> _WORK REQUEST_
Write out the entries below exactly, starting at the first line and stopping after the line that contains "Foto 8 van Emmalaan 35"; skip all pictures.
※ ※ ※
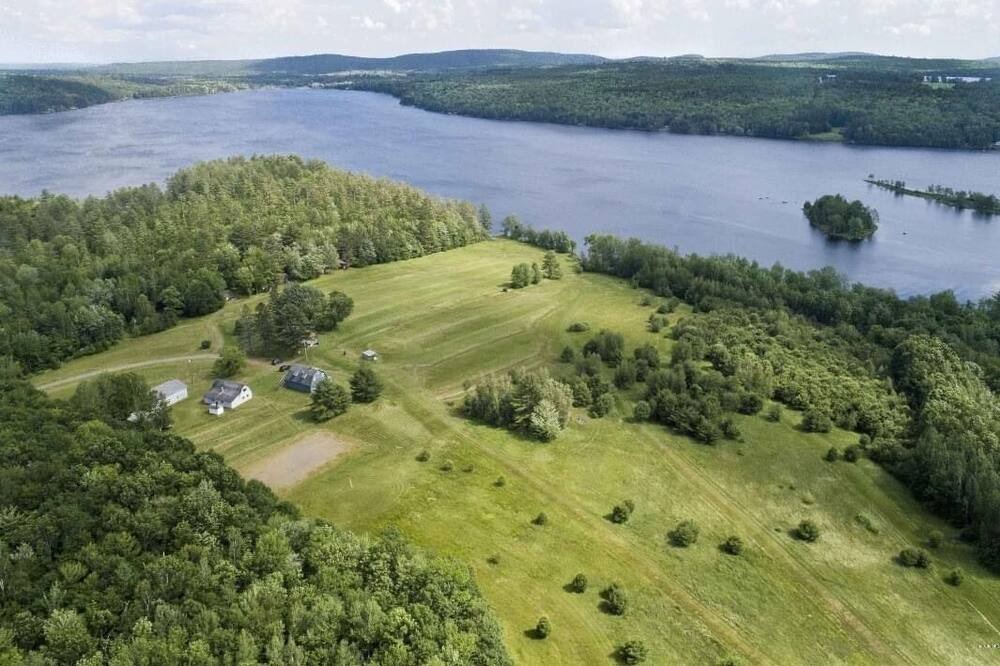 Photo of Others in Athens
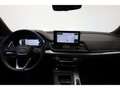 Audi Q5 50 TFSI e quattro Matrix/NAV/Virt./ACC/SH Schwarz - thumbnail 9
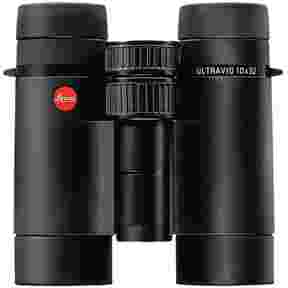 Fernglas Ultravid 10x32 HD-Plus, Leica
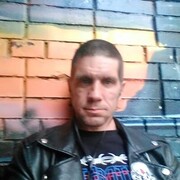  -,   , 42 ,     , c 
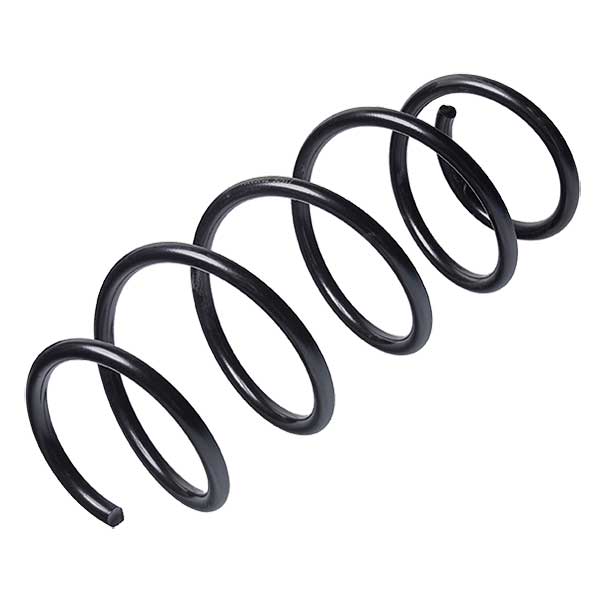 Sachs Coil Spring 627851360
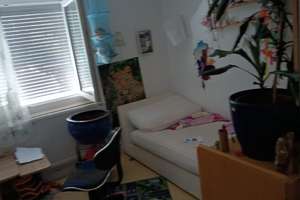 Gönningen  5-Zimmer-Wohnung mit EBK – Matheus-Wagner-Straße 18, 72770 Gönningen, Reutlingen – Vorschaubild 8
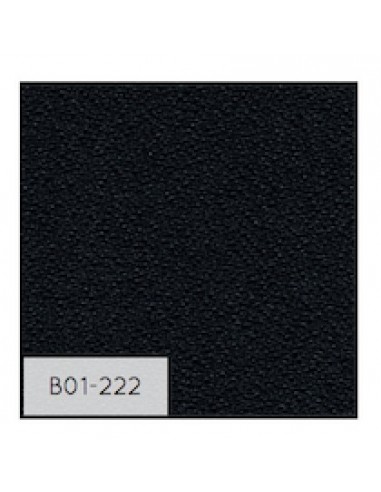 Canapé d’accueil ADO - Offisit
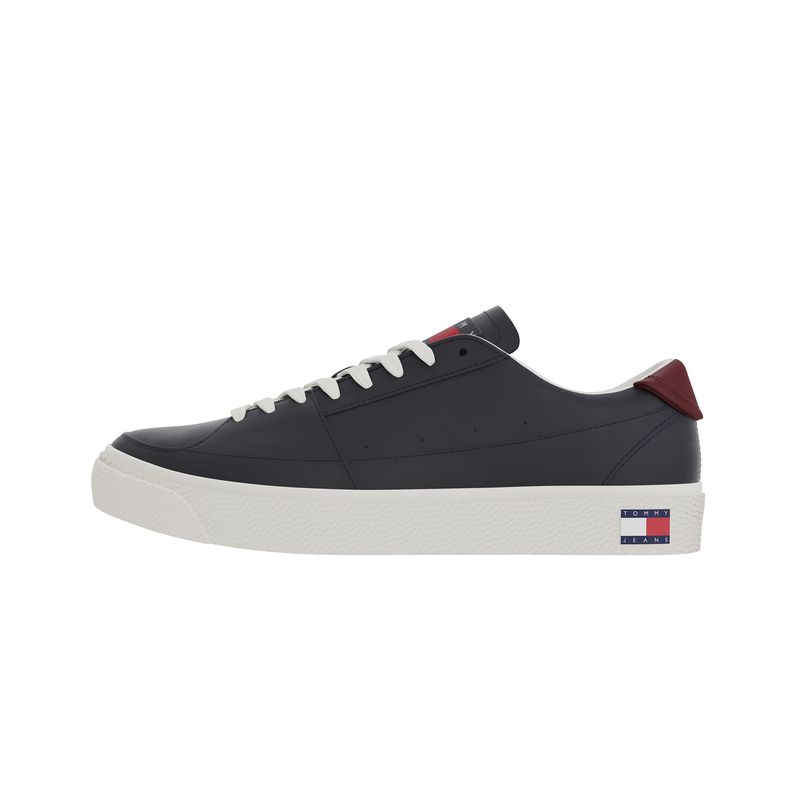 tommy-jeans-vulcanized-leather-azules-marino-em0em01341c87-1.jpeg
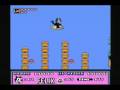 Felix the Cat (NES)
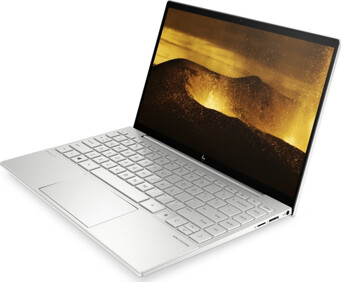 HP Envy 13-ba0001nc 187M8EA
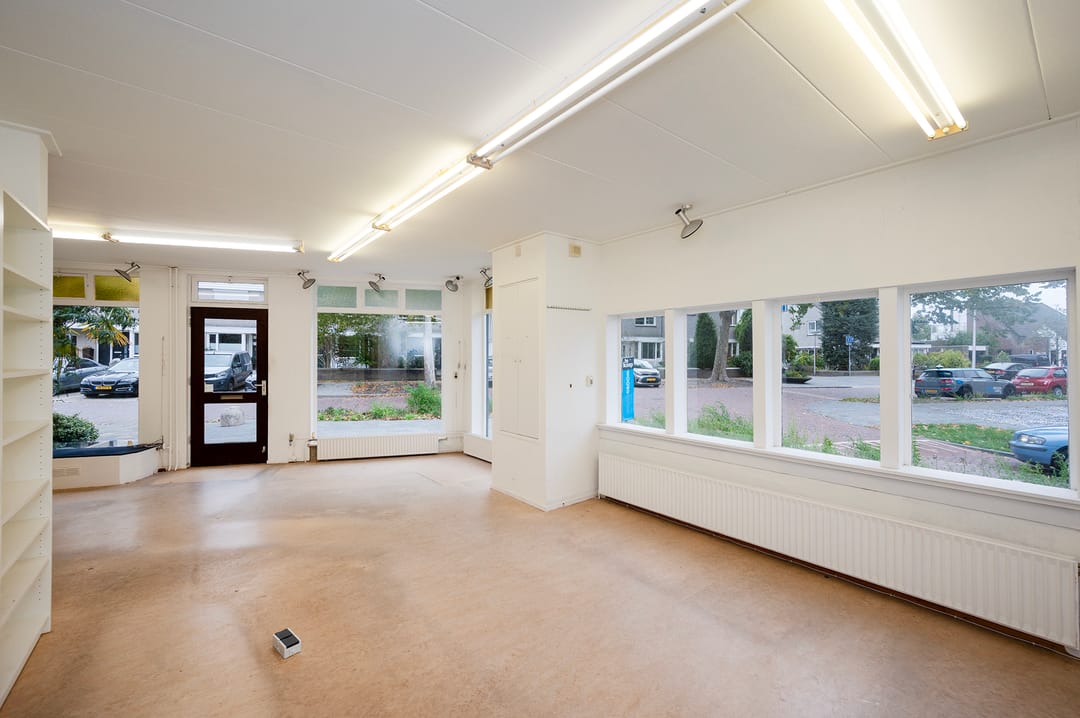 Foto 8 van Emmalaan 35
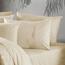 Pansy Cotton 5-Piece Full Duvet Cover Set - 160x230 cm-InfluencerCodes_Ramadan26_All_20012026-image-5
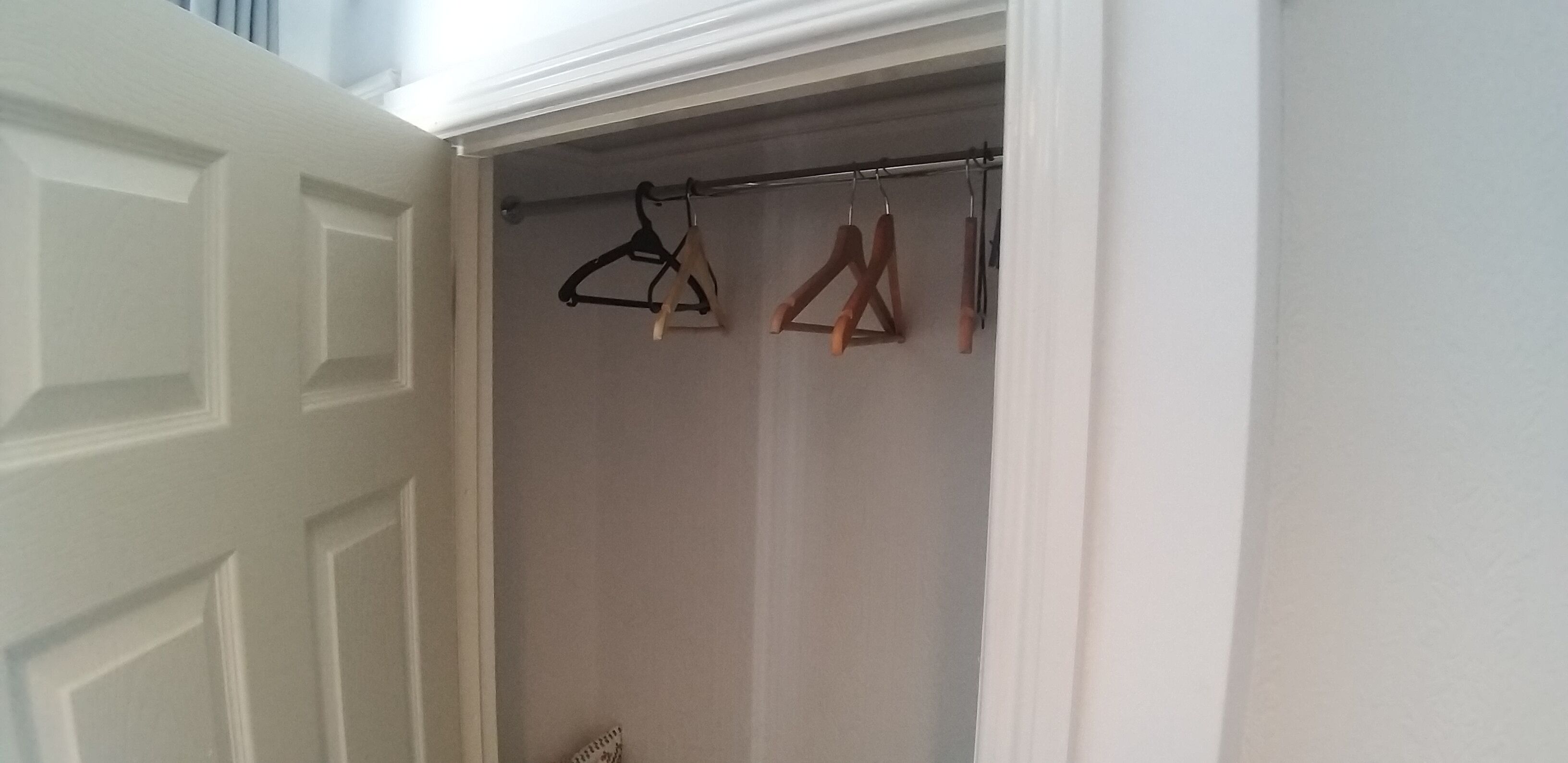 Photo - Alexandra Park House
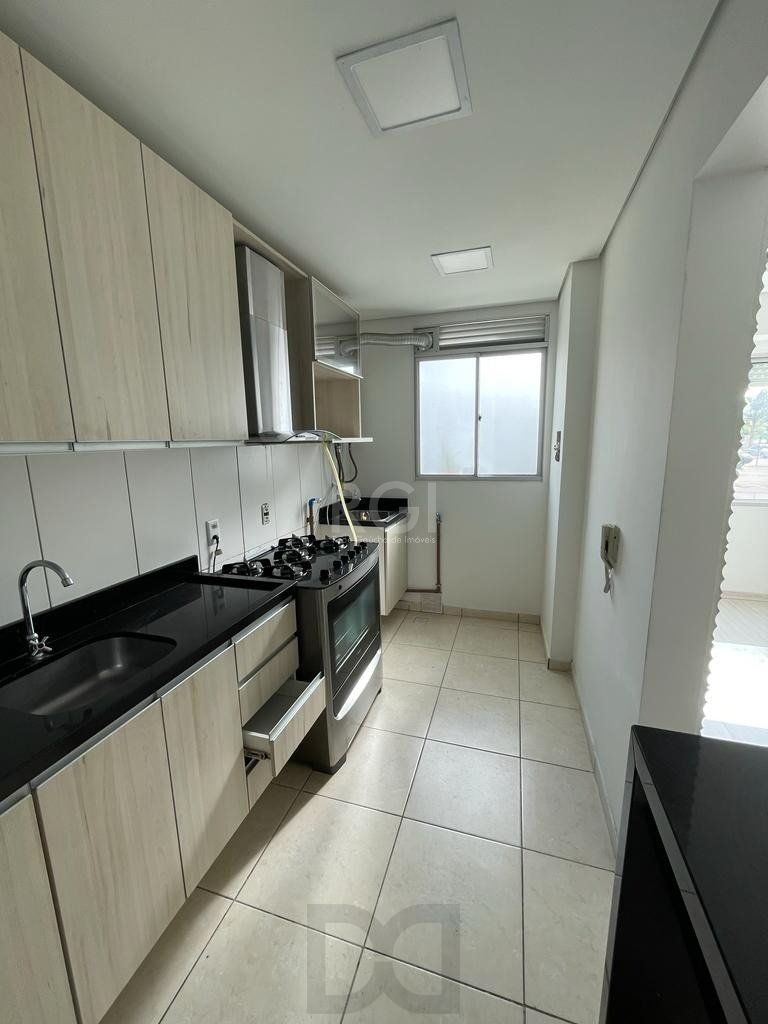 Apartamento para Venda - 48.88m², 2 dormitórios, 1 vaga - Protásio Alves — foto 6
※ ※ ※
> _REPLY_
 Photo of Others in Athens
 Audi Q5 50 TFSI e quattro Matrix/NAV/Virt./ACC/SH Schwarz - thumbnail 9
 Fernglas Ultravid 10x32 HD-Plus, Leica
  -,   , 42 ,     , c 
 Sachs Coil Spring 627851360
 Gönningen  5-Zimmer-Wohnung mit EBK – Matheus-Wagner-Straße 18, 72770 Gönningen, Reutlingen – Vorschaubild 8
 Canapé d’accueil ADO - Offisit
 tommy-jeans-vulcanized-leather-azules-marino-em0em01341c87-1.jpeg
 Felix the Cat (NES)
 HP Envy 13-ba0001nc 187M8EA
 Foto 8 van Emmalaan 35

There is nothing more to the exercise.